Gli aragonesi hanno macchine da guerra poco efficienti cui gli assediati contrappongono la costruzione di alcune "secche" nel porto e la costruzione di macchine da difesa: per parte sua Pietro IV scava un fossato lungo le mura della città, per impedire sortite improvvise. Ma il re deve fare i conti con altri nemici: con la malaria, che colpisce lui e molti uomini della spedizione, e con un esercito armato da Mariano d'Arborea e Matteo Doria che, forte di 15 mila fanti e 2 mila cavalieri, minacciano Sassari e si avvicinano ad Alghero sino a porre il loro accampamento a due miglia dalle forze aragonesi.
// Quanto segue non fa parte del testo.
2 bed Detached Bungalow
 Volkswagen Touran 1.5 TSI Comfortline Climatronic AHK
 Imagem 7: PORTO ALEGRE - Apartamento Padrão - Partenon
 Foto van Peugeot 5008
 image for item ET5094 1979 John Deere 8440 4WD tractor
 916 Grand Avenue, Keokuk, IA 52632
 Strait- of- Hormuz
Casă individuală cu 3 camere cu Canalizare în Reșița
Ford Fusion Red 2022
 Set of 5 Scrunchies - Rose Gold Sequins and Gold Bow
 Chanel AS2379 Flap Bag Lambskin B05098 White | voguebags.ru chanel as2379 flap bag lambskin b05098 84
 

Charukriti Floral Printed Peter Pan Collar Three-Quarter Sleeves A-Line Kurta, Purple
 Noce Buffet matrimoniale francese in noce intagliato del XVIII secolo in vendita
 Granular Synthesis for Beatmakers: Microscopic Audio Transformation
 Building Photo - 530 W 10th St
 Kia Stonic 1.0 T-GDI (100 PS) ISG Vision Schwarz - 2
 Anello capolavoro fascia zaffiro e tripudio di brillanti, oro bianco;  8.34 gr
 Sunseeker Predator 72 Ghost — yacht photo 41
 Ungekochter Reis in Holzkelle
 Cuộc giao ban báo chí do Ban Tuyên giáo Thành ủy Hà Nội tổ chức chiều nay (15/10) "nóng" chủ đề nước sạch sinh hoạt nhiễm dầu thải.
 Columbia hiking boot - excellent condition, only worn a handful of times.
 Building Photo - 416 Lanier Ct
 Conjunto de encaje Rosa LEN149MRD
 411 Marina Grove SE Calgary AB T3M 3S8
Il re fa buon viso a cattivo gioco: il 14 novembre firma la pace con Mariano e il Doria. La pace gli apre le porte di Alghero: il 16 il re vi entra nuovamente trionfatore, alla testa della sua cavalleria. "Come fummo entrati ad Alghero - ha scritto Pietro nella sua cronaca - ci trattenemmo alcuni giorni e donammo e dividemmo a popolatori nostri connazionali, ossia catalani e aragonesi, tutti i possedimenti, cioè case, terre, vigne del luogo e del suo territorio".Cacciati gran parte degli antichi abitanti, comincia la prima, intensa "catalanizzazione" del borgo, dove pure si può immaginare che siano rimasti piccoli nuclei di genovesi e di sardi, magari in posizione ( per ora) di subordinazione civile e politica. Da Cagliari, il 15 febbraio dell'anno successivo, Pietro IV emana una serie di carte tutte volte a configurare organicamente il sistema di privilegi e di concessioni attraverso i quali prende consistenza il ruolo della "villa"-fortezza, immaginata ormai come la testa di ponte delle comunicazioni politiche, militari e in parte anche economiche fra madrepatria e Sardegna. Il re estende agli algheresi i privilegi già concessi ai sassaresi, riserva ai soli catalani e aragonesi gli uffici pubblici, il commercio cittadino e persino l'esercizio del culto, li esenta dal pagamento di qualunque imposizione per la dogana o per il porto, dà alle concessioni immobiliari la franchigia da ogni onere dominicale, eccetto il pagamento della decima: in una parola, come dice un'altra delle carte reali di questo stesso giorno - una sorta di autentica "data di nascita" della città catalana -, decreta l'unione del locus seu villa de Alguerio alla corona di Aragona. E' da questo momento che il borgo che i sardi conoscono come S’Alighera e i genovesi chiamavano La Ligera diventa Alguer, L’Alguer in catalano e, nel catalano di Alghero, L'Alghé.